Resignación
Aunque parezca mentira, cualquier tiempo pasado fue peor. No considero la riqueza fácil de la burbuja inmobiliaria porque, en la medida en que sus consecuencias se manifiestan a diario, aún forma parte de nuestro presente. Hablo del auténtico pasado de un país pobre y acostumbrado a su pobreza, sometido a la oscuridad del analfabetismo y la superstición, humillado a un destino de perpetuas humillaciones. Esa es nuestra tradición, el indeleble carisma que marcó desde la cuna a generaciones y generaciones de españoles que, al mirar el mundo, solo alcanzaron a distinguir los matices del color negro.

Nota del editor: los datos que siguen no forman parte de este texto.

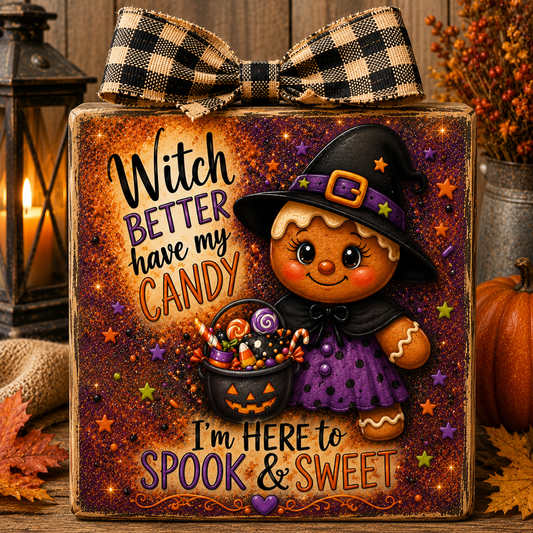 Witch Better Have My Candy Gingerbread Witch Canvas Print | Halloween Door Hanger & DIY Craft Canvast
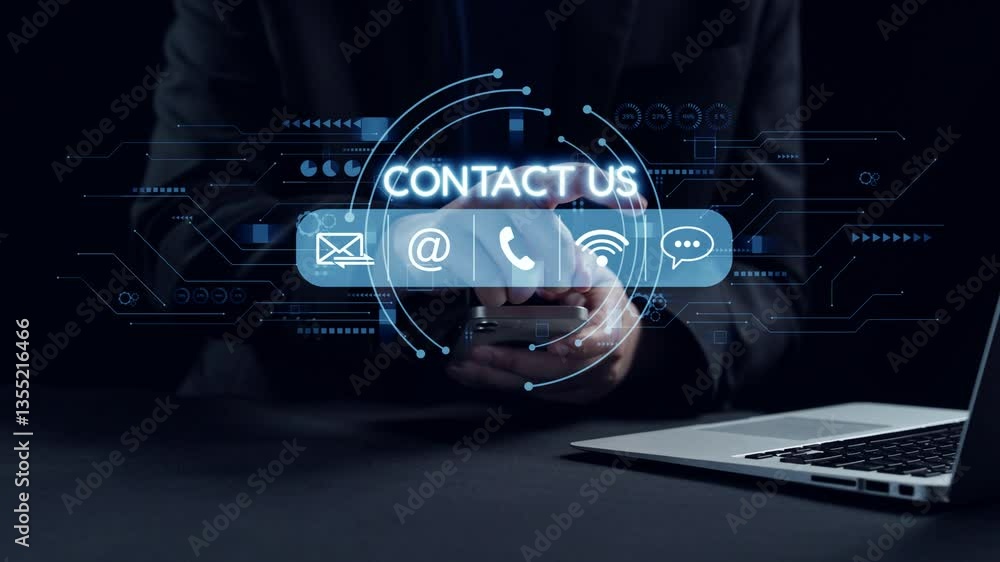 Poster a professional setting showcasing hands interacting with a visual representation of global connectio
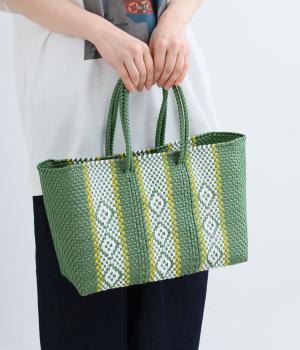 手編みのメルカドバッグ　横長　M(グリーン-F)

Pienso en ellos al ver los debates televisivos, al leer las encuestas electorales, al escuchar los dictámenes inapelables de las múltiples encarnaciones del terrorismo financiero mundial. Y pienso que eran mucho más pobres que nosotros pero, a la vez, mucho más ricos. Porque les sobraba lo que a nosotros nos falta, determinación para tomar en sus propias manos las riendas de un futuro que, por definición, nunca está escrito. Y, sobre todo, porque les faltaba lo que a nosotros nos sobra, la resignación ante un porvenir escrito por otros.
En la última recta de la campaña, ninguna crisis me parece tan grave, tan triste, como el imperio de la resignación, la fuerza política que, según todos los indicios, será la gran ganadora del 20-N. Por eso escribo pensando en los más jóvenes, en los que gritan en la calle, en quienes no se merecen heredar este horizonte de desolación sin límites. Y no les pido solo que voten, sino que aprendan las lecciones del pasado. Así serán conscientes de que su voto es un arma muy bien afilada, y el único recurso capaz de desenmascarar a quienes mienten. Porque no hay nada escrito. Nuestro futuro está en nuestras manos, pero todos los caminos para conquistarlo pasan por la derrota de la resignación.